W 2005 r. miejsce to "odkrył" Grzegorz Klaman, rzeźbiarz związany z Instytutem Sztuki Wyspa. Pomieszczenie, gdzie pracował noblista wykorzystał podczas wystawy "Strażnicy doków" - pokazał w nim "Izbę pamięci Lecha Wałęsy". Teraz zaproponował, by oryginalny stół, przy którym działał Wałęsa trafił do Muzeum Nobla.

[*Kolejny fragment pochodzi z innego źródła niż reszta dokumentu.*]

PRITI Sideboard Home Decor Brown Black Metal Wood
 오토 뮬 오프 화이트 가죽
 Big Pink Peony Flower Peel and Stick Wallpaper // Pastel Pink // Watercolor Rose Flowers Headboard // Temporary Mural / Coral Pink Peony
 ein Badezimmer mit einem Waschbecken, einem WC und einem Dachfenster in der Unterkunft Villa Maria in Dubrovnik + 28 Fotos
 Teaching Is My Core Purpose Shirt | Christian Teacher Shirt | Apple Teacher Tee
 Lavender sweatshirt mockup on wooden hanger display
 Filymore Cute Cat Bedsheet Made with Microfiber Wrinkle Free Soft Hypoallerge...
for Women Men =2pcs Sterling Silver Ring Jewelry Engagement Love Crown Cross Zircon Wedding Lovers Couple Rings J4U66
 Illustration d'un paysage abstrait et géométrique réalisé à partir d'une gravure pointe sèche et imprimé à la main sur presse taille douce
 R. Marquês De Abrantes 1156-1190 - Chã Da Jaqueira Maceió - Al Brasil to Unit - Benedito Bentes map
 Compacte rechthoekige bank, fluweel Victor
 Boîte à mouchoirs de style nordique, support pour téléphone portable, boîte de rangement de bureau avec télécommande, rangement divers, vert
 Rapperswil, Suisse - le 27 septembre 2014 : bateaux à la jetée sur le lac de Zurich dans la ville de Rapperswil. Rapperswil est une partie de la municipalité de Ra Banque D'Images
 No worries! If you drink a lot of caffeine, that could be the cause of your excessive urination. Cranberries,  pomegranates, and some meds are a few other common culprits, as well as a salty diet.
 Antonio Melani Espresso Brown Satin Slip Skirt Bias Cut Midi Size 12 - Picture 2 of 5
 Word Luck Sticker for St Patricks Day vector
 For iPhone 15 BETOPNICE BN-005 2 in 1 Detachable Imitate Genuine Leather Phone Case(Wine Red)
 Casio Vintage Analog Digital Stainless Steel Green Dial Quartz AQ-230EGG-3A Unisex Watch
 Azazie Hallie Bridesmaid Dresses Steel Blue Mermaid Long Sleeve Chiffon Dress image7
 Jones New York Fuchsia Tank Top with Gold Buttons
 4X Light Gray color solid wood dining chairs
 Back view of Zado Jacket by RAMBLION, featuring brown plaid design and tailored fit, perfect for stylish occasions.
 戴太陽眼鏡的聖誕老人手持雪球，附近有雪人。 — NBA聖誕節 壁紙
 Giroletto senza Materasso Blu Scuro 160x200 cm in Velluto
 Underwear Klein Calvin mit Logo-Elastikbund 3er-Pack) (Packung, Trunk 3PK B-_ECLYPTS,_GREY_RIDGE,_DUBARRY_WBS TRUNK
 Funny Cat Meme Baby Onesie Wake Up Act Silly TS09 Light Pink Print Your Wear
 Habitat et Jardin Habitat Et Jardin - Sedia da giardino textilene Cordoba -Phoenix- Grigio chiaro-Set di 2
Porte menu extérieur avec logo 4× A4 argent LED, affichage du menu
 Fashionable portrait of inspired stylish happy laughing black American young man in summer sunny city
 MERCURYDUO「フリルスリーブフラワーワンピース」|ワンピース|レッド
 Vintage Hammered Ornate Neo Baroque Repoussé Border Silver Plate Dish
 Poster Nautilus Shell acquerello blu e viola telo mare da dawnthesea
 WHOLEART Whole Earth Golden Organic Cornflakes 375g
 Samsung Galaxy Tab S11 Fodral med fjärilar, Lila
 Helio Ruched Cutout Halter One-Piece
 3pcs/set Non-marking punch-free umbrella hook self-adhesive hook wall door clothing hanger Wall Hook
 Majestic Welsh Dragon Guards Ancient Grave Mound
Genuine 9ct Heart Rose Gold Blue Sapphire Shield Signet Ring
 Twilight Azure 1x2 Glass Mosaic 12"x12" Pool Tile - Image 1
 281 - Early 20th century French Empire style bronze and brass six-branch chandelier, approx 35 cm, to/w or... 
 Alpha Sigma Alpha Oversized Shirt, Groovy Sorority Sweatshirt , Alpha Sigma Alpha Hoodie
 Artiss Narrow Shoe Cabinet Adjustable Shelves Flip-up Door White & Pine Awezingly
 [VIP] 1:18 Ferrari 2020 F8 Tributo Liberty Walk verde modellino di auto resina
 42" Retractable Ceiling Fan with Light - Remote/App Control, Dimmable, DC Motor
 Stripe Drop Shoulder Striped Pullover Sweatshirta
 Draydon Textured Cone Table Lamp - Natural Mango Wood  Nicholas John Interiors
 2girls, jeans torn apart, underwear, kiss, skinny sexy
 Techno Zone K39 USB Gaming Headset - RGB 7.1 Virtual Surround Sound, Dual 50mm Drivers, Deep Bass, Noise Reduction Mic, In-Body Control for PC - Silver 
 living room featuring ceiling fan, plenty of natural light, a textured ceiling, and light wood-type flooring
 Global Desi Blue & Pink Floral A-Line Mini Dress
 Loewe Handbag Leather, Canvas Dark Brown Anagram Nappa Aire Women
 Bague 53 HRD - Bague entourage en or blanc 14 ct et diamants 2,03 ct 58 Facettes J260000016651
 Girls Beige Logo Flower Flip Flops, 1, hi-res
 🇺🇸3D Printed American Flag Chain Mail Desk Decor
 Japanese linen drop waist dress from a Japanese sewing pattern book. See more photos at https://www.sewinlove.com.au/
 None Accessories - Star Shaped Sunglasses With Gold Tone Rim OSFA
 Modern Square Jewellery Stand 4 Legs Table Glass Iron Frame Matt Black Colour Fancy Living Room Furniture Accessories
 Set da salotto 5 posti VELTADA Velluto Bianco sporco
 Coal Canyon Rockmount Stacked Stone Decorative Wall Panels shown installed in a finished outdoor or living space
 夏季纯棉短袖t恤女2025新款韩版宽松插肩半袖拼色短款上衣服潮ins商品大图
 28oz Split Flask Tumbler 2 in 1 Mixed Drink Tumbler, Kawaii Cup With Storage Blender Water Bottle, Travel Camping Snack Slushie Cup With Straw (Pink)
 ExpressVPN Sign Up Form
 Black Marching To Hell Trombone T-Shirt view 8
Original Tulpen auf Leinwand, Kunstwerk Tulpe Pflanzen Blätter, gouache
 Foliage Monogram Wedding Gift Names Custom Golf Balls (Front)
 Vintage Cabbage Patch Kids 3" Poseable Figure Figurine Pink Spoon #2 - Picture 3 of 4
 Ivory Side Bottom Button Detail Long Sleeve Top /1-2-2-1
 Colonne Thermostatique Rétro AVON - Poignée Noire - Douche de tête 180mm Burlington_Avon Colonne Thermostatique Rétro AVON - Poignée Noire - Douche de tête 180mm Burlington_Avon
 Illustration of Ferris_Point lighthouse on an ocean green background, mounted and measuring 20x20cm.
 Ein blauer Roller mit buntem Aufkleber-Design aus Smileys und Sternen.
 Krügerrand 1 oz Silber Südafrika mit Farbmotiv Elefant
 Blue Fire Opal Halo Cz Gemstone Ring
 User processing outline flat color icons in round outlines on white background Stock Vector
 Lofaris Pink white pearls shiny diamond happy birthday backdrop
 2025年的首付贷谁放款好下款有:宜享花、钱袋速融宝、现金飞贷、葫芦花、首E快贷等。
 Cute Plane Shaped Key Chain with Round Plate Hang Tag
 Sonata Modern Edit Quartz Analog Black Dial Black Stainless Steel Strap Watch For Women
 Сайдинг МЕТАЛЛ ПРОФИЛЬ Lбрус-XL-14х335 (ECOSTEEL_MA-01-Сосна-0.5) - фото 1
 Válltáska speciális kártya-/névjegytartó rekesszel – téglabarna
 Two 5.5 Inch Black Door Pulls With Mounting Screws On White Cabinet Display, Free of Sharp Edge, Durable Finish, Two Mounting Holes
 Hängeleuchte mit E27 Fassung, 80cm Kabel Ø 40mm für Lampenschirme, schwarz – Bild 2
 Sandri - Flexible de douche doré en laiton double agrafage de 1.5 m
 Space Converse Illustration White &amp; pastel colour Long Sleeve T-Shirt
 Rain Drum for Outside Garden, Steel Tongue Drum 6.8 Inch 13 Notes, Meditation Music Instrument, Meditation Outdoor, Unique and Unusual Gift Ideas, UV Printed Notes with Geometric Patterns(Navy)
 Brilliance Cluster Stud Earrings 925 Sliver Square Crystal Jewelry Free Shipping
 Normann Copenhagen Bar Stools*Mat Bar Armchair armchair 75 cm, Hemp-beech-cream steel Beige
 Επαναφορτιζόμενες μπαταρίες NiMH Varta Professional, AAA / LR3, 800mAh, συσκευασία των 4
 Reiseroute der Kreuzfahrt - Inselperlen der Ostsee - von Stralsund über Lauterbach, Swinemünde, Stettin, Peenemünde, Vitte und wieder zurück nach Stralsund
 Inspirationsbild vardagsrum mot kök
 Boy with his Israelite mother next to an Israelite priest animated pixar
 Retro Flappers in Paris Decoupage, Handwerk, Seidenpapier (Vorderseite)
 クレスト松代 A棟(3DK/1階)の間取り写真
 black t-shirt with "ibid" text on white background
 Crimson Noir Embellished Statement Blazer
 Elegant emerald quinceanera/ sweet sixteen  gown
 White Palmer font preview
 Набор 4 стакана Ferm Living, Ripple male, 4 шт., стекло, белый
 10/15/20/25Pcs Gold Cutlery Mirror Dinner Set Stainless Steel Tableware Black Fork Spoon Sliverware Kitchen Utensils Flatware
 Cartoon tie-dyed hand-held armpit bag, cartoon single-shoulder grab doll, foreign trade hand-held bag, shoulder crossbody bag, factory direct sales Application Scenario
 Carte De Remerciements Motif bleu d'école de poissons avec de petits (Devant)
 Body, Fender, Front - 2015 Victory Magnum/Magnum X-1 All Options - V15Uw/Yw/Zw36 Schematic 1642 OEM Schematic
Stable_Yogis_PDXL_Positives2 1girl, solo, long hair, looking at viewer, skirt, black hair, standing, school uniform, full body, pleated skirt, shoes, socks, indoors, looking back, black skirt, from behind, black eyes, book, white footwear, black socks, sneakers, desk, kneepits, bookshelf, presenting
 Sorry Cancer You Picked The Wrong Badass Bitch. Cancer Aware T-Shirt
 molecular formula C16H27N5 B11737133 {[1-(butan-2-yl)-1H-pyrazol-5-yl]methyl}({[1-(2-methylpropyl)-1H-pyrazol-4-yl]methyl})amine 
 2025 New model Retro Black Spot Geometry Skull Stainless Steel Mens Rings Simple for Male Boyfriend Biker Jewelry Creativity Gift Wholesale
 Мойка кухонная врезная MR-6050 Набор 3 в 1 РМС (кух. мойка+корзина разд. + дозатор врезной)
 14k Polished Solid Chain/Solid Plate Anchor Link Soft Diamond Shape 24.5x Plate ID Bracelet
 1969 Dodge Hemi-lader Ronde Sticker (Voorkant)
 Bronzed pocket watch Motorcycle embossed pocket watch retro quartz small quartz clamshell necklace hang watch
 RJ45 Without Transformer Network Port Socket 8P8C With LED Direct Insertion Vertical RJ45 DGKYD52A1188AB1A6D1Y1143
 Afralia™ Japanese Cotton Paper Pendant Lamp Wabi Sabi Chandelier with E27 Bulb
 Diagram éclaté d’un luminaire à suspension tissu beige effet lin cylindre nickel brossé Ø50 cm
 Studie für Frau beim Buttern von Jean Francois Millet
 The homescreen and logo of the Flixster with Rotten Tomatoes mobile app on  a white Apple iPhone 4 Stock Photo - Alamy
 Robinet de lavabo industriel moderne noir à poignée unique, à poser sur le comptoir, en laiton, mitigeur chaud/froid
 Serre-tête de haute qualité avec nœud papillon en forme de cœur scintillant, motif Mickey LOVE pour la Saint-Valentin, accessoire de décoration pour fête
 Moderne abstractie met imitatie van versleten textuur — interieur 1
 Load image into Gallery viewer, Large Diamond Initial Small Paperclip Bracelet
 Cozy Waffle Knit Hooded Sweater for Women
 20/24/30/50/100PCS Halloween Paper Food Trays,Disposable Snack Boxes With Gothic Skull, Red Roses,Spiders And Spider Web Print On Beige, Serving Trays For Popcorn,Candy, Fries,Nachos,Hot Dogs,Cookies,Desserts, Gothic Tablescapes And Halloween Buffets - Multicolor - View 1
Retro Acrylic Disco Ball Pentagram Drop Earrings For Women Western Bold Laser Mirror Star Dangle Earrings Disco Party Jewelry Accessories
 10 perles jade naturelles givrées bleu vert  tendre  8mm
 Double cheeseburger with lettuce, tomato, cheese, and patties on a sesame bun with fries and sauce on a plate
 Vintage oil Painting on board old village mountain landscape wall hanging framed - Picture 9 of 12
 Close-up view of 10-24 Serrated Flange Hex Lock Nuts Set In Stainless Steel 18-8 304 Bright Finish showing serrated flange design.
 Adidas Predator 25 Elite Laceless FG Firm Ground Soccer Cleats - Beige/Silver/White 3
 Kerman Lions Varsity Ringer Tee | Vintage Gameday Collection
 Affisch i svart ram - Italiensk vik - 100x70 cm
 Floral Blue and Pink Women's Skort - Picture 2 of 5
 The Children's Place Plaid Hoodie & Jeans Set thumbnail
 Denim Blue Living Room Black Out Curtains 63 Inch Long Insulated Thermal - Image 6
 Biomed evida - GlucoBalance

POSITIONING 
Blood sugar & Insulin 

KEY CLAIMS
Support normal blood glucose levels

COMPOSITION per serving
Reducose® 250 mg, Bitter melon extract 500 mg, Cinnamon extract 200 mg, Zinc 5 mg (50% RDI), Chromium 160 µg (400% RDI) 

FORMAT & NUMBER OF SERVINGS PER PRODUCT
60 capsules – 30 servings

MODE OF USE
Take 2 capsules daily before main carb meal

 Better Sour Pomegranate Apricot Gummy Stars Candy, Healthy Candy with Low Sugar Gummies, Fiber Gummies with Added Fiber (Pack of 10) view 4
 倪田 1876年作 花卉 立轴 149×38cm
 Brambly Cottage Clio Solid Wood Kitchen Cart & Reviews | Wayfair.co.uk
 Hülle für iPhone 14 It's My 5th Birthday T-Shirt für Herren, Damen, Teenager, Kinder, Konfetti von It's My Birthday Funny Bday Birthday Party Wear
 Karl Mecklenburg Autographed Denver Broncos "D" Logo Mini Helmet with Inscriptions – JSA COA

- Ten brutalny, ciężki, robotniczy warsztat zostanie wbity w uporządkowaną, gładką ścianę klasycystycznego pałacyku jakim jest Muzeum Nobla. W ten sposób chcę przypomnieć o tym, kim był Lech Wałęsa, zanim zrobiło się o nim głośno - tłumaczył "Gazecie" Klaman.
Jego pomysł wspiera Instytut Polski w Sztokholmie. - Szukaliśmy niekonwencjonalnej metody, by uczcić 30. rocznicę Solidarności - mówiła Katarzyna Tubylewicz, dyrektor Instytutu. - Projekt Klamana z dawnym warsztatem Wałęsy bardzo spodobał się dyrekcji Muzeum Nobla, już zapowiedzieli, że chcą mieć tę pracę w swojej kolekcji.
W poniedziałek, po wyjaśnieniach na linii Klaman-Adamowicz udało się osiągnąć porozumienie.
- Oryginalny stół-warsztat Wałęsy może jechać do Sztokholmu - mówi Emilia Salach-Pezowicz z biura prasowego Urzędu Miasta. - Natomiast budynek, gdzie pracował Wałęsa, ma być objęty ochroną. Jest pomysł, by zgromadzić tam wszystkie najwartościowsze stanowiska pracy i narzędzia, pamiątki z przełomu lat 70. i 80., gdy rodziła się Solidarność. Mamy nadzieję, że prezydent Wałęsa pomoże nam dobrać eksponaty.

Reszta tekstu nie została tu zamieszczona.